There are four great multipart stories that serve as the underpinnings of today’s Batman: Three of them, in chronological order, are Denny O’Neil and Neal Adams’ first Ra’s al Ghul saga; Frank Miller’s The Dark Knight Returns; and Miller and David Mazzucchelli’s Batman: Year One.
The fourth is Steve Englehart and Marshall Rogers’ late ’70s Detective Comics run that culminated in The Laughing Fish. Throw in the seminal one-parter The Joker’s Five-Way Revenge by O’Neil and Adams in Batman #251 and you’ve got yourself one helluva Bat-library.
Bruce Timm and the crew at Batman: The Animated Series, which is celebrating its 25th anniversary this fall, understood that and they went to those wells repeatedly for story ideas.
One of those standout episodes was The Laughing Fish, written by Paul Dini and directed by Timm himself. It adapted Englehart and Rogers’ classic and wove it into the climax from Batman #251. It’s one of the Animated Series’ high points, which is saying something when you’re talking about a show that completely remade the comic-book cartoon landscape.

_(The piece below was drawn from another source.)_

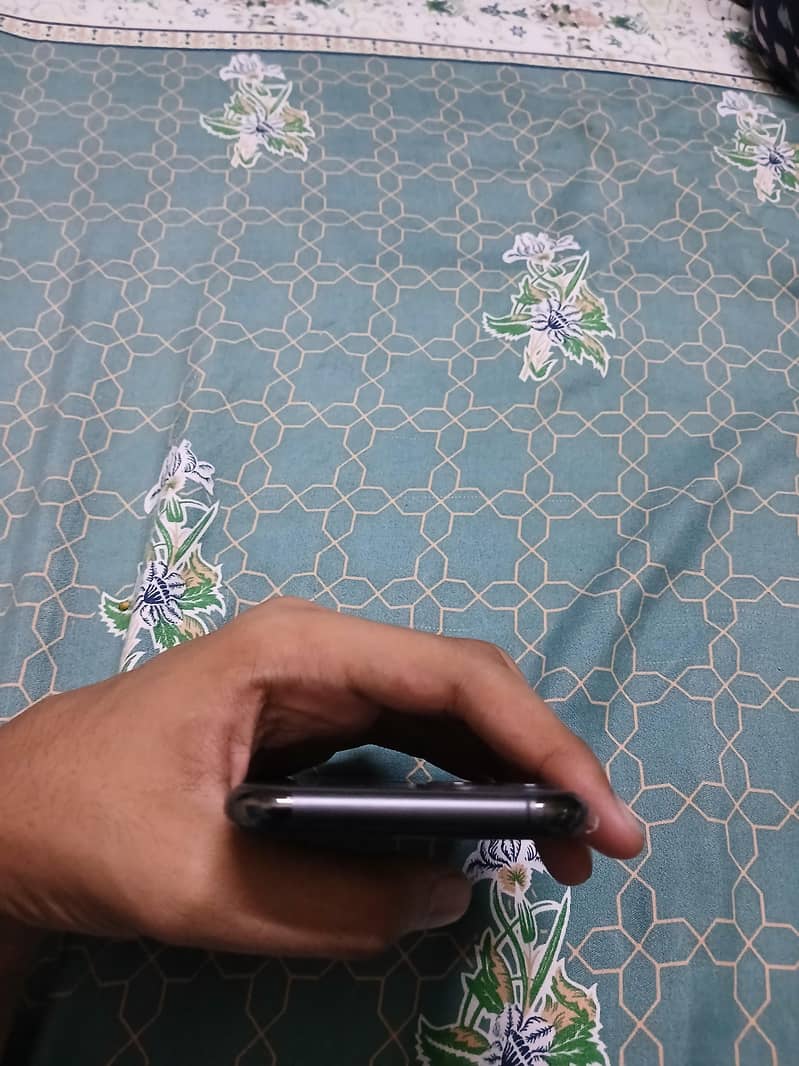 Apple iPhone 11 Pro 5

Diamond Select has capitalized on the popularity of the episode with a PVC statue that offers callbacks not just to Timm and Dini’s episode, but to the work of O’Neil, Adams, Englehart and Rogers.
The 9-inch statue, which lists for $45, has the Joker momentarily triumphant, dangling a Joker fish (which you have to place in his hand when you set it up) with a leer that taunts the viewer. The statue may have been designed by Barry Bradfield and sculpted by Sam Greenwell — who did an outstanding job — based on Timm’s design, but this is Englehart and Rogers all the way.
But this is not just a Joker statue. Batman makes a cameo at his feet, trapped in the aquarium where a hungry shark awaits — a sequence right out of Adams and O’Neil’s Batman #251.
So when I look at this statue, I don’t just see the brilliant work of Timm and Dini, I see O’Neil, Adams, Englehart and Rogers too — making this a fitting testament to the last 45 years or so of Batman lore.